* _Exercise inputs_
↓↓↓
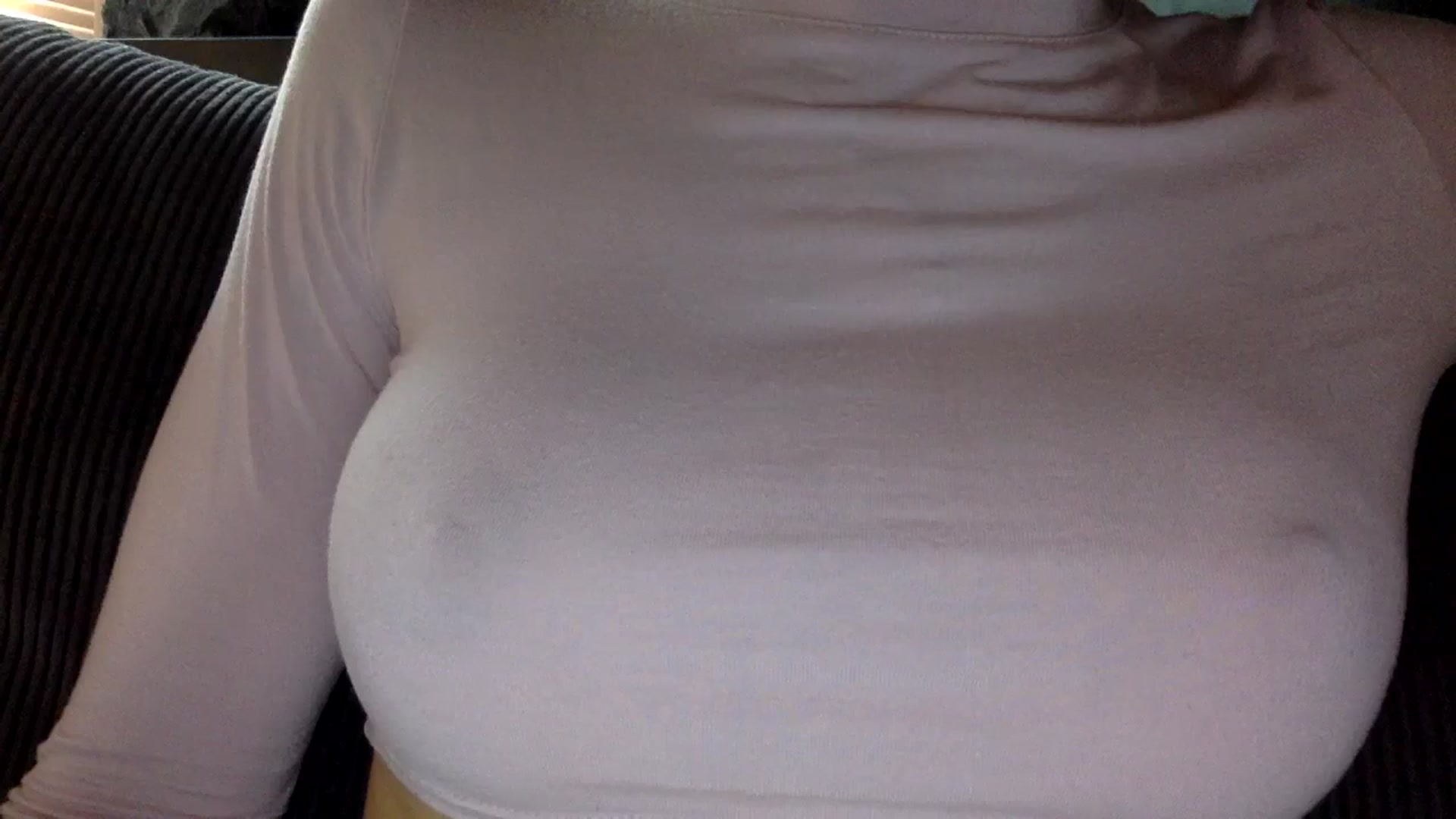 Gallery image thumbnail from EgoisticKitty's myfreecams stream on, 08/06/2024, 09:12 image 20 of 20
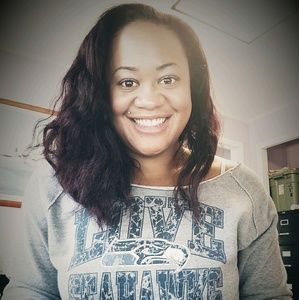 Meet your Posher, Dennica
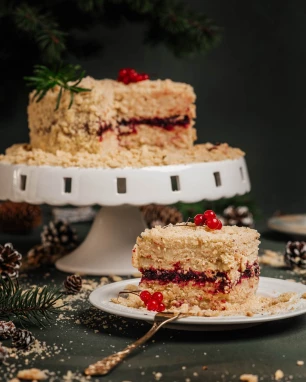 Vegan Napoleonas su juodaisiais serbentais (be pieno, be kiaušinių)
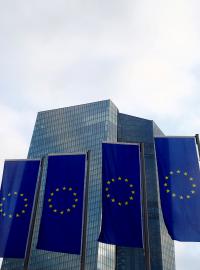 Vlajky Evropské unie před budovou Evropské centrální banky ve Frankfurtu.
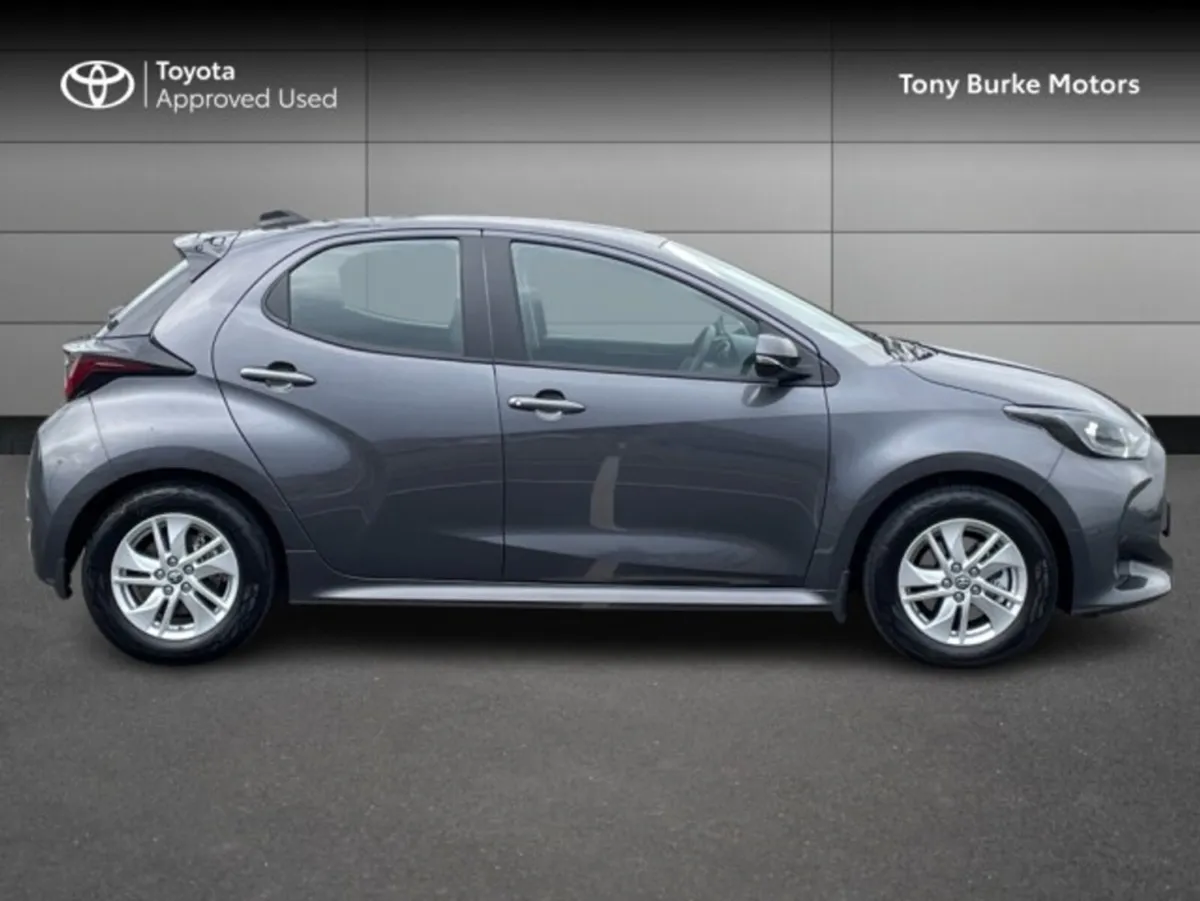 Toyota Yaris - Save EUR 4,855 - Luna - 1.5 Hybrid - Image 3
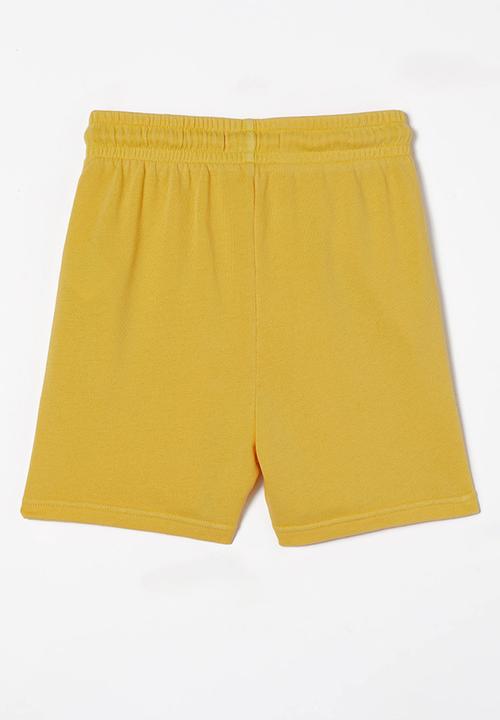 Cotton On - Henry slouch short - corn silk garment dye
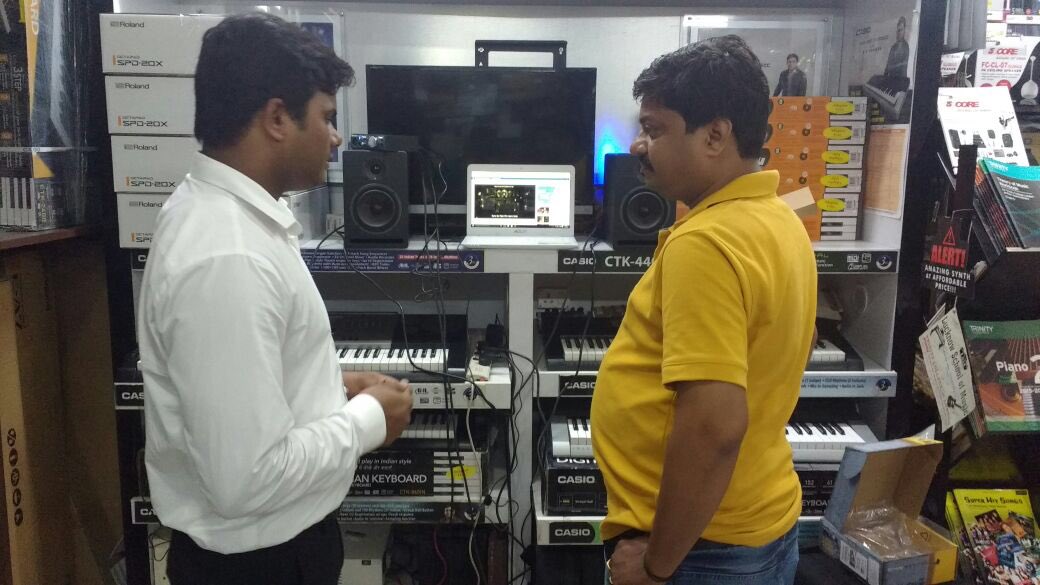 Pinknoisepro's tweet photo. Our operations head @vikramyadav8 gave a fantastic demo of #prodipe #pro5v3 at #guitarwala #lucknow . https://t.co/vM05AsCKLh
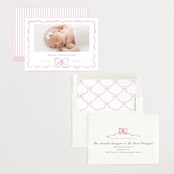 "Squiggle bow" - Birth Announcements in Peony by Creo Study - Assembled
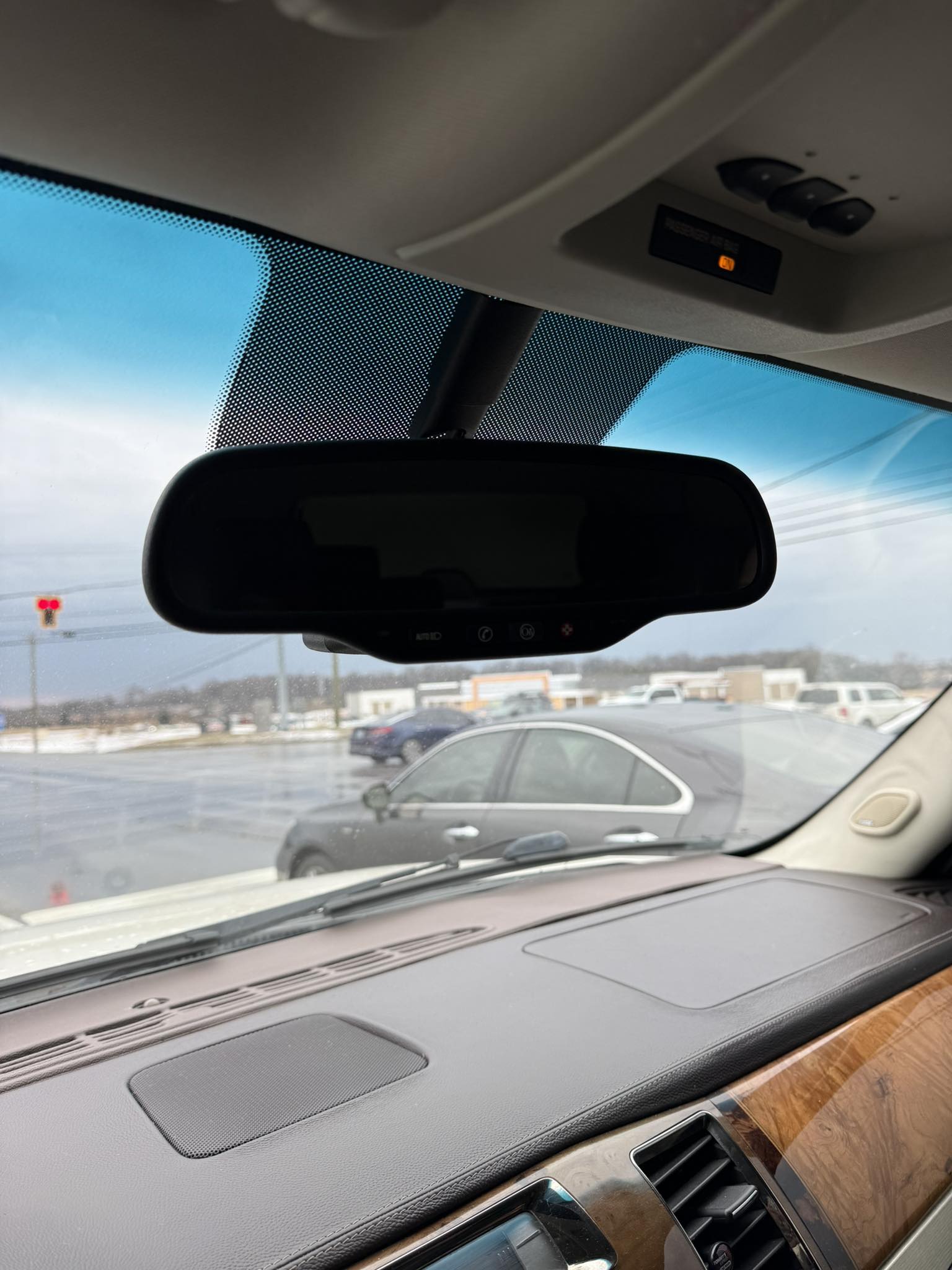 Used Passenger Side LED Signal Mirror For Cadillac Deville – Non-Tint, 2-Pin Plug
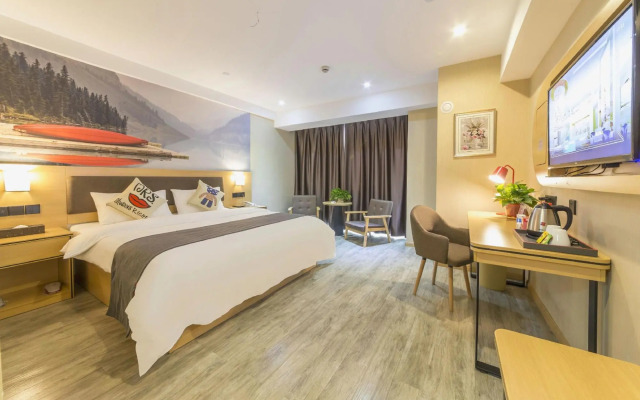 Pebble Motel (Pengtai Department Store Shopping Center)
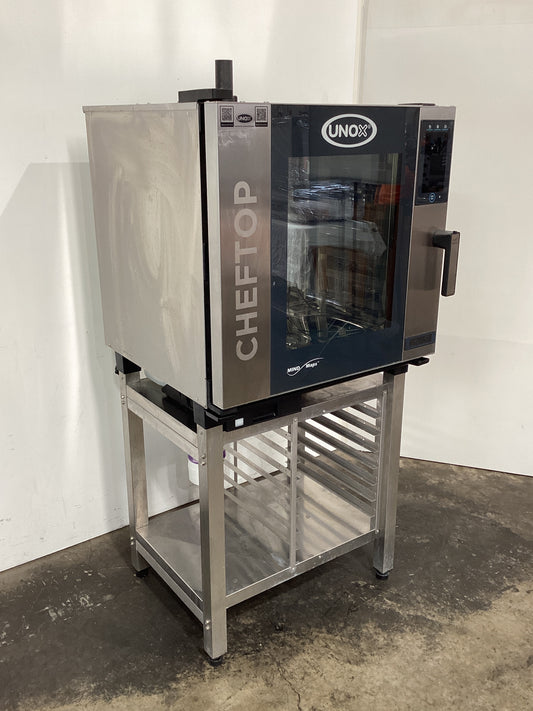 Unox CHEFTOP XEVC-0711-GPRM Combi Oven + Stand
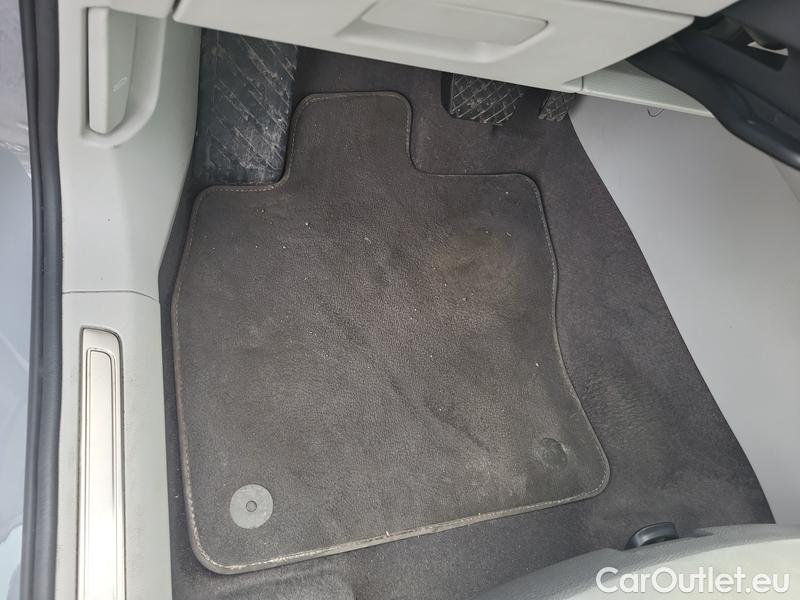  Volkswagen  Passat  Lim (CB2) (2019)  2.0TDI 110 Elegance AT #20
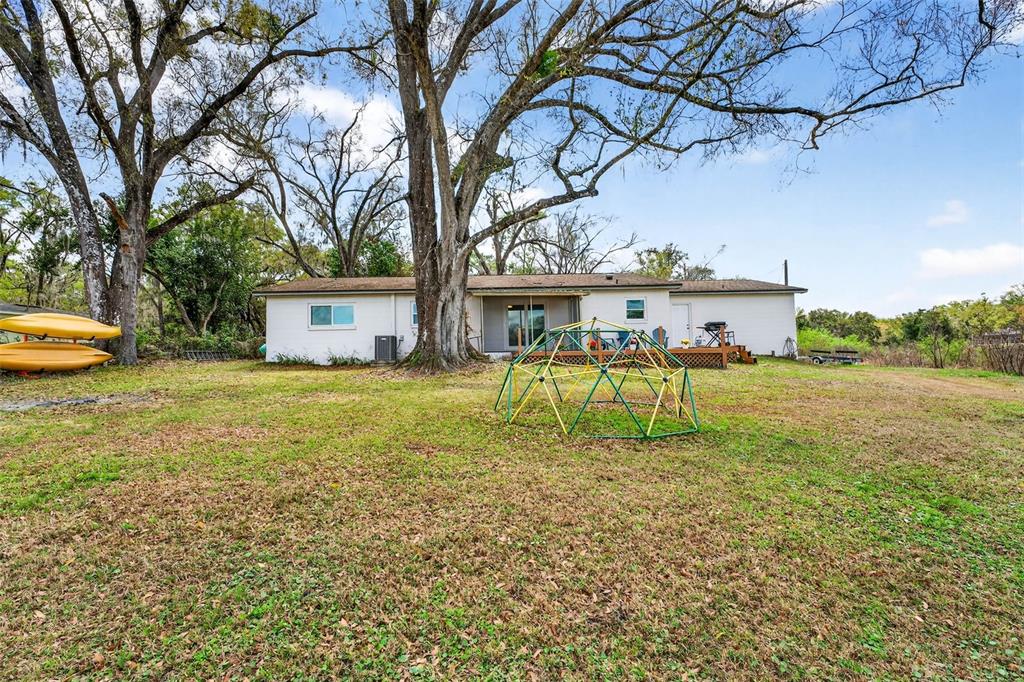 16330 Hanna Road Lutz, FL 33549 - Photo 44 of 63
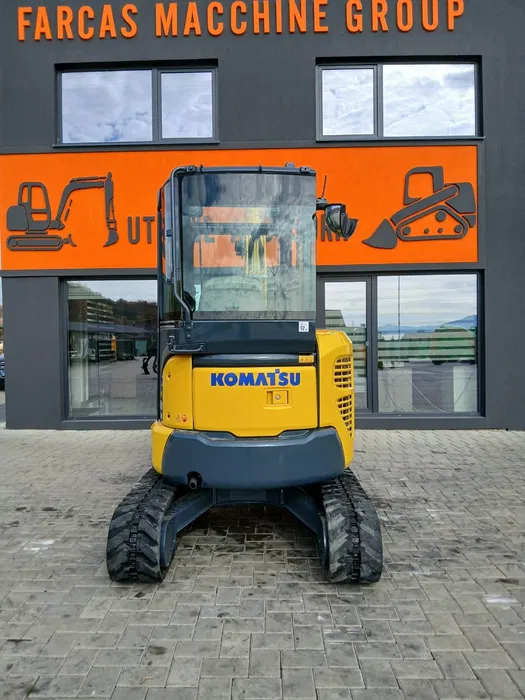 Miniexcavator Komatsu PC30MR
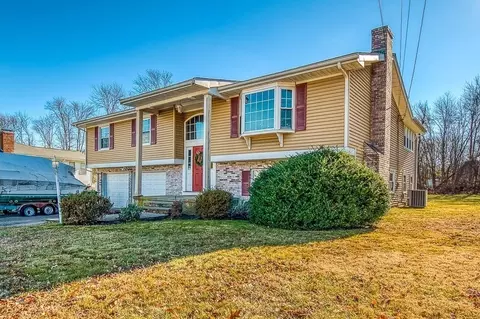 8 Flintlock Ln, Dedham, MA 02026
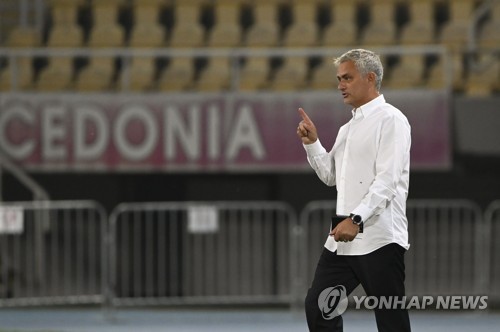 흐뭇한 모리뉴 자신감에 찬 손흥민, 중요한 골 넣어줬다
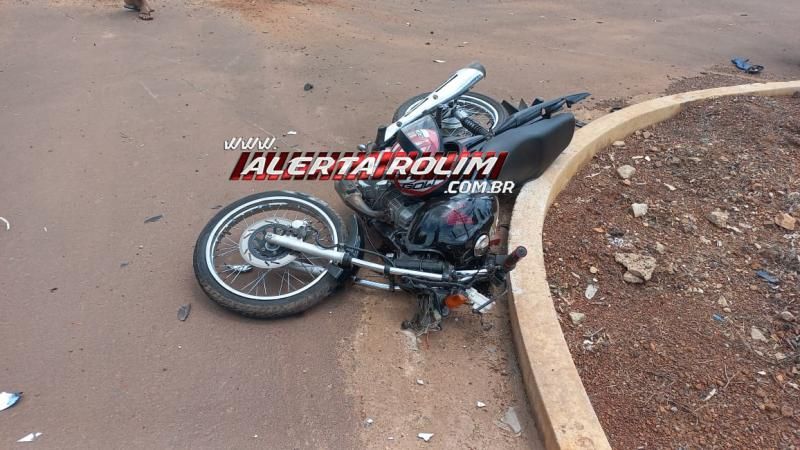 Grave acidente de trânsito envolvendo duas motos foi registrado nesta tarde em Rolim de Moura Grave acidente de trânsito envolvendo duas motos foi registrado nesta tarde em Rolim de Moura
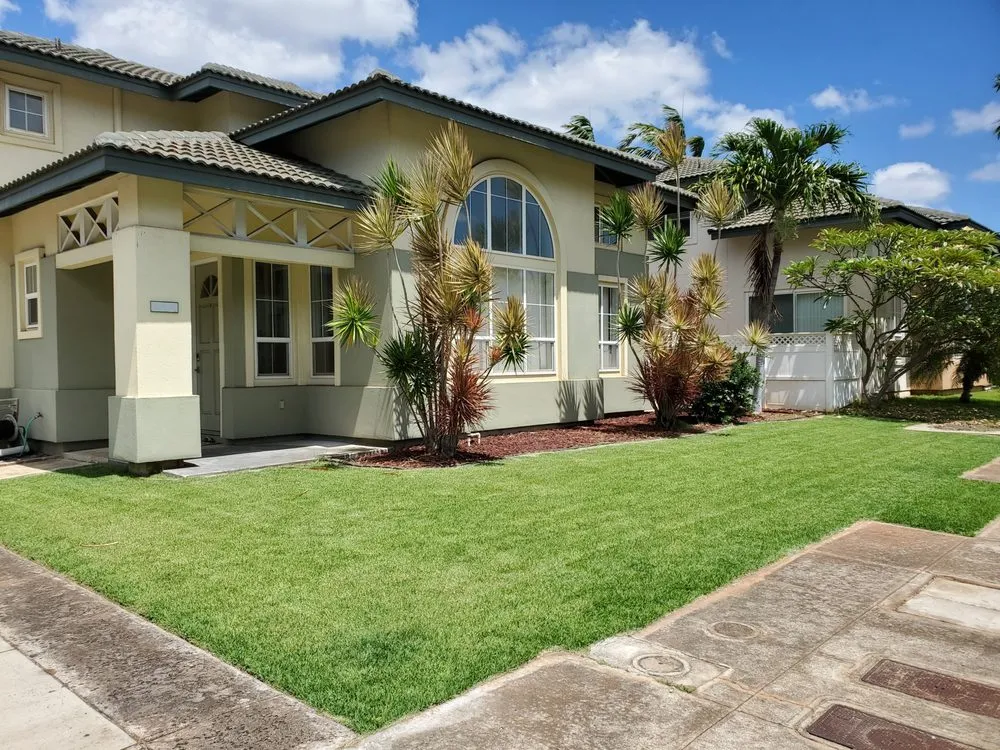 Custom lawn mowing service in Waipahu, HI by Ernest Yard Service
↑↑↑
* _Exercise description_
Once the pictures are dropped, set down everything else in the records exactly.

* _Solution for this task_
 Gallery image thumbnail from EgoisticKitty's myfreecams stream on, 08/06/2024, 09:12 image 20 of 20
 Meet your Posher, Dennica
 Vegan Napoleonas su juodaisiais serbentais (be pieno, be kiaušinių)
 Vlajky Evropské unie před budovou Evropské centrální banky ve Frankfurtu.
 Toyota Yaris - Save EUR 4,855 - Luna - 1.5 Hybrid - Image 3
 Cotton On - Henry slouch short - corn silk garment dye
 Pinknoisepro's tweet photo. Our operations head @vikramyadav8 gave a fantastic demo of #prodipe #pro5v3 at #guitarwala #lucknow . https://t.co/vM05AsCKLh
 "Squiggle bow" - Birth Announcements in Peony by Creo Study - Assembled
 Used Passenger Side LED Signal Mirror For Cadillac Deville – Non-Tint, 2-Pin Plug
 Pebble Motel (Pengtai Department Store Shopping Center)
 Unox CHEFTOP XEVC-0711-GPRM Combi Oven + Stand
  Volkswagen  Passat  Lim (CB2) (2019)  2.0TDI 110 Elegance AT #20
 16330 Hanna Road Lutz, FL 33549 - Photo 44 of 63
 Miniexcavator Komatsu PC30MR
 8 Flintlock Ln, Dedham, MA 02026
 흐뭇한 모리뉴 자신감에 찬 손흥민, 중요한 골 넣어줬다
 Grave acidente de trânsito envolvendo duas motos foi registrado nesta tarde em Rolim de Moura Grave acidente de trânsito envolvendo duas motos foi registrado nesta tarde em Rolim de Moura
 Custom lawn mowing service in Waipahu, HI by Ernest Yard Service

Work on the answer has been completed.